Die dritte Opfertat nun betraf das Singen. Odin wollte, dass einige der Menschen diese Kunst beherrschten. Es existierte ein Trank den man auch als „Dichtermet“ oder Odrörirs Nass“ bezeichnet. Entstanden war er aus dem Blut eines ebenfalls sehr weisen Wesens namens Kwasir. Dieser wurde von zwei Zwergen getötet und sein Blut vermischten sie mit Honig. Jeder der von diesem ganz besonderen Met kostete wurde entweder sehr weise oder ein begnadeter Dichter und Sänger. Über Umwege war dieses Dichtermet in die Hände eines Riesens namens Suttung gekommen, der den Trank tief in einer Höhle verborgen hielt. Insgesamt drei Gefäße waren notwendig, um ihn zu fassen: der Kessel Odrörir und die beiden Gefäße Son und Bodn. Jetzt erklärt sich vielleicht auch der oben erwähnte Name. Die Tochter von Suttung musste den Trank bewachen. Sie hieß Gunnlöd und war sehr einsam. Eines Tages kam Odin zu ihr in die Höhle und konnte Gunnlöd davon überzeugen, ihn dreimal von dem Trank trinken zu lassen. Dafür musste der Allvater aber drei Nächte bei ihr verbringen. Drei Nächte voll Leidenschaft mit der einsamen Riesentochter für drei Schlucke des magischen Tranks. Klingt doch angemessen. Nach der dritten Nacht leerte Odin in einem Zug den Kessel Odörir und in zwei weiteren die anderen beiden Gefäße. Dann verwandelte er sich in einen Adler und flog Richtung Asgard. Odin wurde zwar von dem wütenden Riesen Suttung verfolgt, aber es gelang dem Gott den Trank nach Asgard zu bringen. Zu nahe wagte sich der Riese nicht heran, denn er fürchtete Thors Hammer Mjöllnir. Odin verteilt den Trank an alle Asen, aber vor allem an seinen Sohn Bragi, den Gott der Dichtkunst. Anschließend schenkte Odin auch allen Menschen, die große Dichter und Sänger werden sollten, einen Schluck von „Odörirs Nass“.

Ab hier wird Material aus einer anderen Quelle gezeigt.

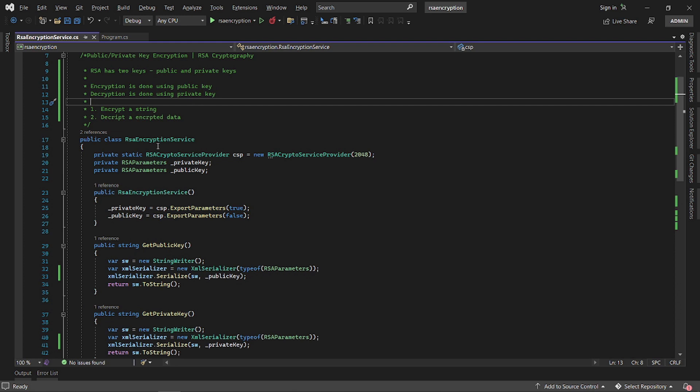Hello and welcome to Straight to Coding. Today we are going to talk about public key and private key encryption using RSA cryptography, and we're going to see how we can use the RSA crypto service provider to encrypt and decrypt a string.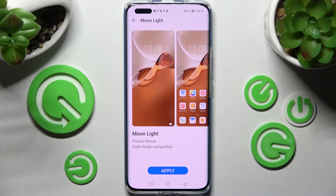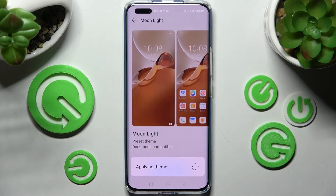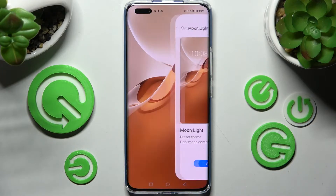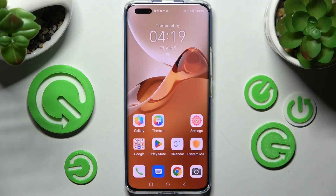I will go with moonlight. When you're ready, select apply and wait. As you can see, after a couple of seconds, the theme of my smartphone has changed.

Odin reitet auf Sleipnir (Quelle: Wikicommons)

Odin reitet auf Sleipnir (Quelle: Wikicommons)

Durch die zwei Opfertaten von Odin hatten die Menschen nicht nur die Sprache, sondern auch die Dichtkunst und den Gesang erhalten. Aus diesem Grund wird der Odin auch manchmal „Vater der Lieder“ genannt. Obwohl die drei Tage und Nächte, die Odin bei Gunnlöd verbracht hat, müssen nicht unbedingt als „Opfer“ angesehen werden.